Sir Michael singled out the two programmes for portraying “patronising caricatures of state education”.
“Of course, we’ve got to have reality TV and show what teaching can be like in some of our schools, warts and all,” he said, “but surely we’ve also got to get a better balance and show what goes on in the vast majority of our state schools - good leadership, good teaching and good learning. This often doesn’t get a look in.”
By contrast to 'Grange Hill 'and'Waterloo Road', programmes like 'Harrow - a very British school ' was a paean of praise for the independent sector. “Maybe we shouldn’t be surprised by all this when so many in the media are privately educated,” he added.
Speaking at the Wellington College Festival of education - sponsored by the Sunday Times, he said that the state system of education was portrayed in negative ways by popular culture and the media.
““We don’t see, in the main, great teachers teaching great lessons in well-ordered state schools,” he added.
“What we do see is a programme like ‘Tough Young Teachers’ on the BBC which showed some idealistic, bright-eyed and bushy-tailed new recruits struggling daily to cope with Jack the Lad and Sally Show Off.” The programme followed four newly qualified teachers as they started working in disadvantaged inner city schools.
“Quite honestly, it was hard for me to watch without holding my head in my hands,” he added. “Hard to watch young teachers putting up with this sort of nonsense on a daily basis.”
He criticised senior staff for failing to support them, adding: “I found this upsetting and a sad commentary on the nature of leadership in a minority of our schools.”
Sir Michael went on to warn of a crisis in teacher recruitment - with a third of schools having to cover maths and science posts with temporary staff without the right skills.
He warned that disadvantaged schools were the worst affected - partly because the Government’s new drive to promote training teachers on the job had led to schools in better off areas “cherry picking the brightest and best (recruits) for themselves”.
Under the Government’s plan, only strong well-led schools can lead school-led training. “Consequently, areas with a high proportion of struggling schools and few good ones have a shortage of school-led training,” he added.

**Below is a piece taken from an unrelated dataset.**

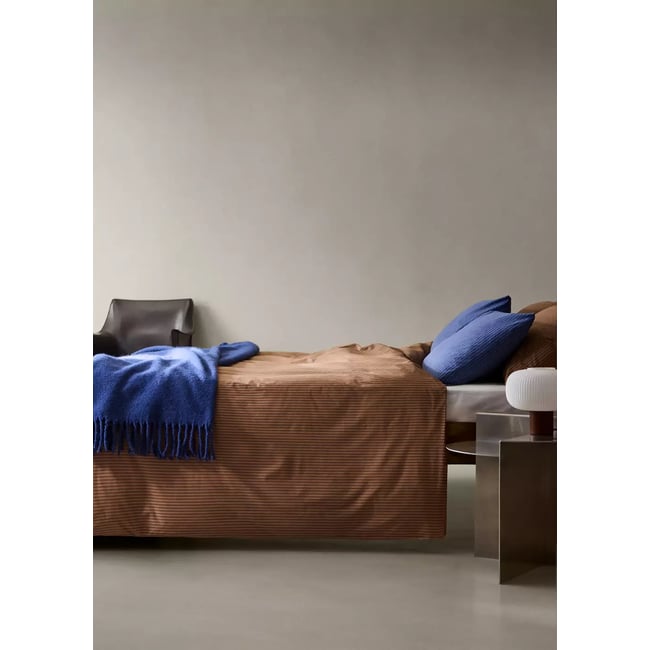 Housse de couette percale de coton rayures bicolores lit 150/160 cm - MANGO HOME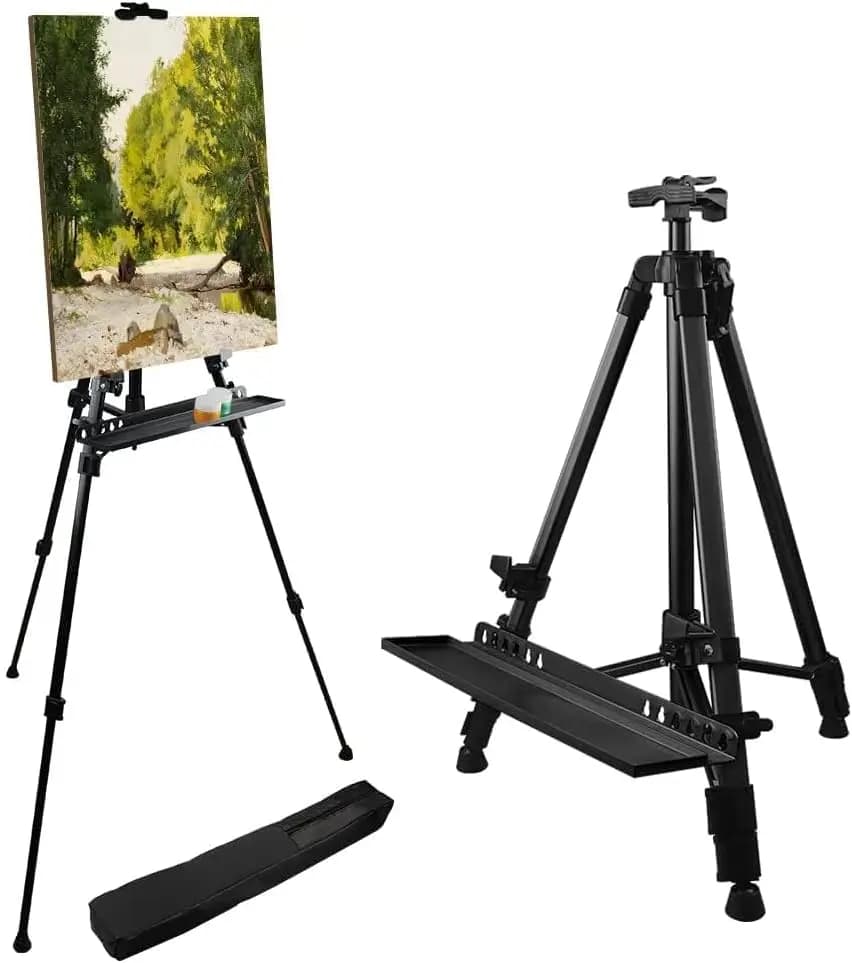 Cavalletto da pittura e per esposizione - Treppiede in alluminio regolabile da 21 a 61 pollici con vassoio porta pennelli per artisti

“We now have a two-tier school-led training system, with one group of lucky schools more able to recruit and one unlucky group less able to do so, further intensifying the disparity in local and regional performance.”
A spokeswoman for the Department for Education said Sir Michael was “incorrect” to suggest good schools in the leafy suburbs were benefiting most from the Government’s teacher training reforms.
She said that schools categorised as “requires improvement” could be partnerships operating school-led teacher training, adding that 462 of the 837 school teaching partnerships included at least one school requiring improvement or an inadequate school. Schools also did not need to be teaching schools to take part in the scheme.
A spokesman for the BBC said: “There is a huge variety of output around teaching and education on the BBC but the chief inspector appears to raise far deeper issues around the recruitment and retention of teachers.”